----- COLLECTED MATERIAL -----
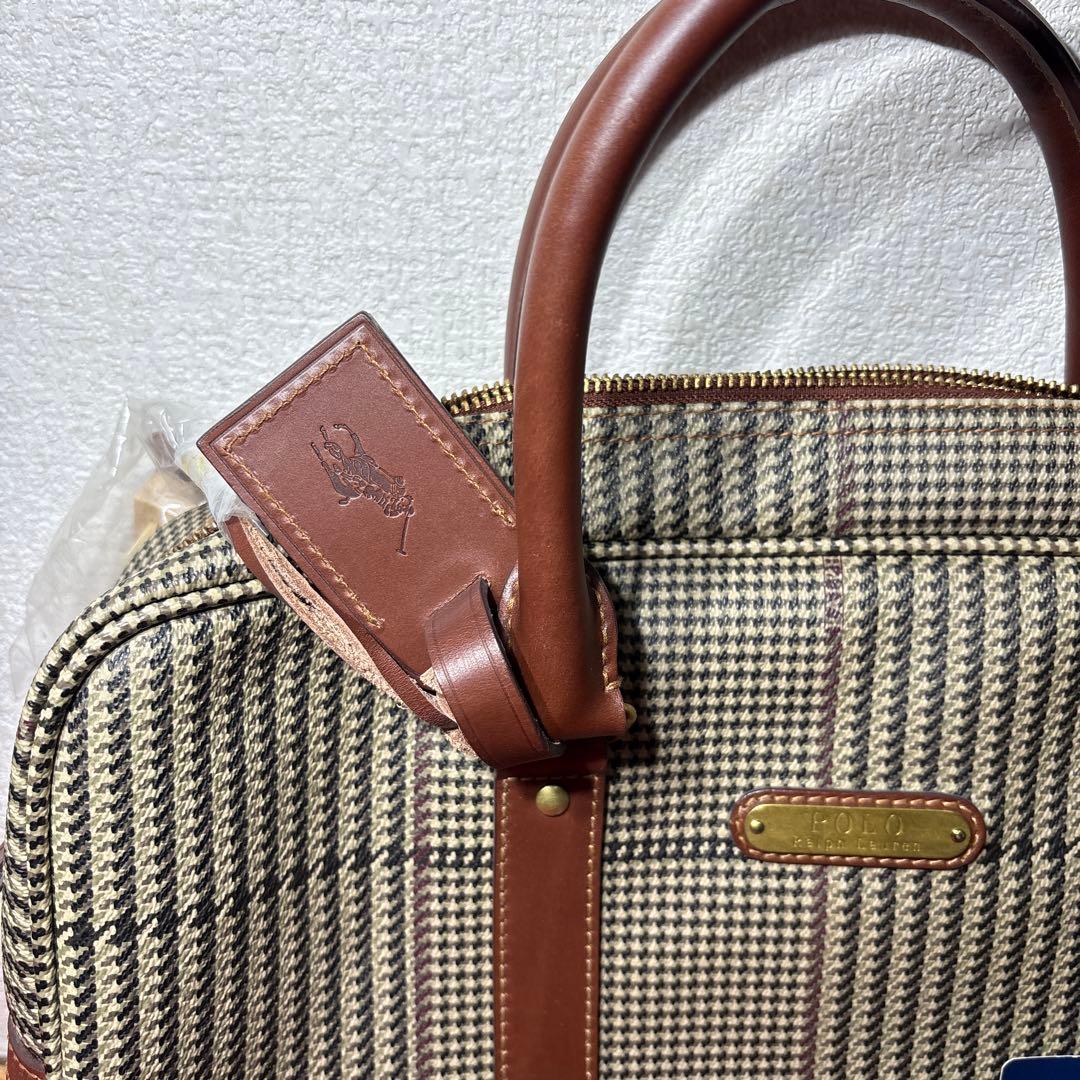 未使用　ポロラルフローレン　ビジネスバッグ　千鳥格子　フリーケース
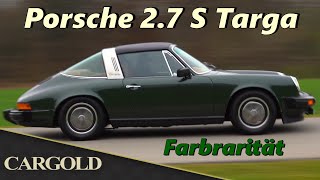 Porsche 2.7 S Targa, 1976, Original Oak Green Metallic! Vollrestauriert Und Matching Numbers!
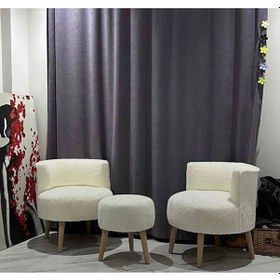 Resim Azra Mobilya Sydney İkili Berjer Puf Set - Tekli Koltuk - Cafe, Ofis, Balkon, Kafe, Bahçe, Salon Mobilyası Krem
-----
## WHAT IS NEEDED
Exclude all images and retype the data precisely.

## TASK RESULT
 未使用　ポロラルフローレン　ビジネスバッグ　千鳥格子　フリーケース
 Porsche 2.7 S Targa, 1976, Original Oak Green Metallic! Vollrestauriert Und Matching Numbers!
 Resim Azra Mobilya Sydney İkili Berjer Puf Set - Tekli Koltuk - Cafe, Ofis, Balkon, Kafe, Bahçe, Salon Mobilyası Krem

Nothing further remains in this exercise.